Она непроизвольно вскрикнула, когда притормозивший самолет ринулся вперед с такой скоростью, что напрягшихся пассажиров вдавило в спинки сидений. Мягкий толчок, и вот уже земля, оставшаяся внизу, стала удаляться с каждой секундой. Ардановский нервно сглотнул, избавляясь от пробок в ушах.

— За все надо благодарить нашего премьера, — включился он в беседу. — В прошлом месяце пан Тусек опять заявил, что не собирается раскошеливаться на приобретение шикарного, как он выразился, аэробуса. Мол, стране достаточно самолетов, которые гарантировали бы президенту элементарную безопасность.

— Тусек, Тусек, Тусек! — проговорил Корчиньский, кривясь, как от зубной боли. — Куда ни ткнись, за что ни возьмись, всюду этот Тусек ставит барьеры на пути. Он прямо-таки лез из кожи, чтобы очутиться сегодня на моем месте. — Похлопав по подлокотнику рукою, Корчиньский рассмеялся, и злорадный смех его прозвучал на фоне гудения самолета, подобно визгу циркулярной пилы. — Да и русские предпочли бы встретиться сегодня не со мной, а с премьер-министром. С ним всегда можно договориться.

Это было равносильно обвинению в предательстве национальных интересов. Кто-кто, а Стас Корчиньский не собирался уступать Москве даже в мелочах. Астафьеву он не доверял так же, как Силину, и с обоими первыми лицами Кремля у него сложились крайне натянутые отношения. Что ж, на этом и строилась политика Корчиньского. Это по его инициативе одна из варшавских площадей была названа именем Джохара Дудаева. Это он предложил Евросоюзу ввести санкции против Москвы за эмбарго на ввоз польского мяса. С его же подачи Польша наложила вето на начало переговоров по новому двустороннему соглашению между Брюсселем и Москвой. Став президентом, он ни разу не встретился с российскими руководителями с глазу на глаз, а в России побывал лишь однажды, в 2007 году, все в той же злополучной Катыни, куда летел снова. «Надеюсь, визу мне дадут», — съязвил он, объявляя о своем решении в начале марта.
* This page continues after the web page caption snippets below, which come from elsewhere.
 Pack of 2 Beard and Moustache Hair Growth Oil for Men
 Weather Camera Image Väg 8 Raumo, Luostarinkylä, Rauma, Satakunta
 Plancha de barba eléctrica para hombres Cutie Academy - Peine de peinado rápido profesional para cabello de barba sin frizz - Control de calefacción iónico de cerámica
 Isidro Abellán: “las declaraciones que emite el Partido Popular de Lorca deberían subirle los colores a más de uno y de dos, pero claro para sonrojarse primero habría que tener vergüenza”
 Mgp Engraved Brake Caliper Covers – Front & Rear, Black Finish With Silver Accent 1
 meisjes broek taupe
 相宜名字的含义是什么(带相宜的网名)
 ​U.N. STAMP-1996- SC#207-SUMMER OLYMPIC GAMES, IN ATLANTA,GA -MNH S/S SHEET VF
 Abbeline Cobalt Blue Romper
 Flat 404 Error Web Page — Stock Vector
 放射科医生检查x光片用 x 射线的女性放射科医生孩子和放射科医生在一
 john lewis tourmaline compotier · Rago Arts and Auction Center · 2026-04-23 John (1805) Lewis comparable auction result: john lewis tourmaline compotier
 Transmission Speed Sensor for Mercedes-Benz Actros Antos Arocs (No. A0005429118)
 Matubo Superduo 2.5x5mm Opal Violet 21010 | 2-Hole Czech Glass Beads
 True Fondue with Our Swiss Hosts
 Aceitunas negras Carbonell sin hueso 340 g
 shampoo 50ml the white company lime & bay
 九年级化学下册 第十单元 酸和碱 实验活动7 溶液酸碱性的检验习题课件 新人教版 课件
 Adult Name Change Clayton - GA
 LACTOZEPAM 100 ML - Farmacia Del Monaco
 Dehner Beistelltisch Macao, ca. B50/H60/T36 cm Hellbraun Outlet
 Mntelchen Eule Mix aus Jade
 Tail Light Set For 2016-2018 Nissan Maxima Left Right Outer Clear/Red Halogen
Виза, понятное дело, выдана была, однако первым прорвался в Катынь вездесущий Дональд Тусек, побывавший там вместе со своим российским коллегой Владленом Силиным не далее как седьмого апреля. В ходе поминальной церемонии оба премьера, как обычно, неплохо спелись и исполнили дуэтом свою любимую песню о взаимопонимании и добрососедских отношениях. Как будто можно дружить с медведем, не посаженным на цепь!

При мысли о соглашательской политике Тусека настроение у Корчиньского слегка испортилось, и, обращаясь к соратнику, он озабоченно произнес:

— Как бы наши телевизионщики не устроили саботаж в Катыни. Ты же знаешь, что все они едят из кормушки правительства.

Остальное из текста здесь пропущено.